Marine litter is a matter of national and global concern, says Minister Barbara Creecy
8 June 2021
Marine litter, including plastic litter, has become a matter of increasing global and national concern as a source of marine pollution. The Department of Forestry, Fisheries and the Environment has therefore prioritised efforts to deal with the challenge of marine litter.
There is sufficient evidence that a large percentage of pollution in the ocean originates from sources on land. In response to this growing concern, the department has developed a “Source-to-Sea” initiative focusing on managing litter sources, mainly from upstream catchments where the litter gets transported to the ocean and coastal areas by rivers and tributaries that discharge into the ocean.
“The Source-to-Sea programme involves multiple government departments, at national, provincial and local level, as well as the private sector and other stakeholders, working in priority catchment areas, and providing job opportunities through the Working for the Coast program,” said the Minister of Forestry, Fisheries and the Environment, Barbara Creecy, on the occasion of observing World Oceans Day, on 8th June.
The main objective of the pilot project is to reduce the prevalence of marine litter by up-scaling efforts to capture and recover litter in these river systems. The project also aimed to monitor and characterize the litter recovered and to conduct schools and community awareness initiatives.
This year’s World Oceans Day is observed under the theme: “Ocean: Life and Livelihood.” World Ocean Day was officially recognised by the United Nations General Assembly in 2008 and is observed, since 2009, by all member states, including South Africa.
Marine litter primarily comes from towns and cities located along rivers and waterways, which become pathways for litter into the marine environment.
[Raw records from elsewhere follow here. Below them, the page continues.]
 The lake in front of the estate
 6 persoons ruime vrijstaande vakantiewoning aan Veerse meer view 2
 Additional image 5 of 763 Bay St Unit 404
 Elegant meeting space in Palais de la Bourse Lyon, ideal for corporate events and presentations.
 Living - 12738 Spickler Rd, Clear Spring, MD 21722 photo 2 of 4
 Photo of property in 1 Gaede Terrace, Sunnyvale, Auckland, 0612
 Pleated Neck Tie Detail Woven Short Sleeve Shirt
Minister Creecy also added that as part of the Presidency’s Employment Stimulus Initiative the Department is expanding the Source -to- Sea Programme into 16 coastal districts with the target of creating approximately of 1 600 job opportunities. Planning is underway to commence this initiative in July 2021.
“As we grow our ocean economy, we also have to be cognisant of the impact of increasing human activity on the health of our oceans. It is essential that we manage our footprint and impact and put in place measures to protect our ocean and coastal ecosystems and biodiversity within the context of sustainable development. It is for this reason that South Africa’s Oceans Economy programme includes a specific priority and focus on marine protection and ocean governance,” said Minister Creecy.
Globally, plastic production has reached new highs, with over 320 million tons now being produced annually. It has been estimated that between 4 to 12 million tons of plastic are added to the oceans each year.
Our oceans are globally recognised as unique and a hotspot of marine biodiversity. The Atlantic, Southern and Indian Ocean’s fishing grounds are among the healthiest worldwide, and coastal tourism is, and has the potential to be a significant income earner for many African coastal nations.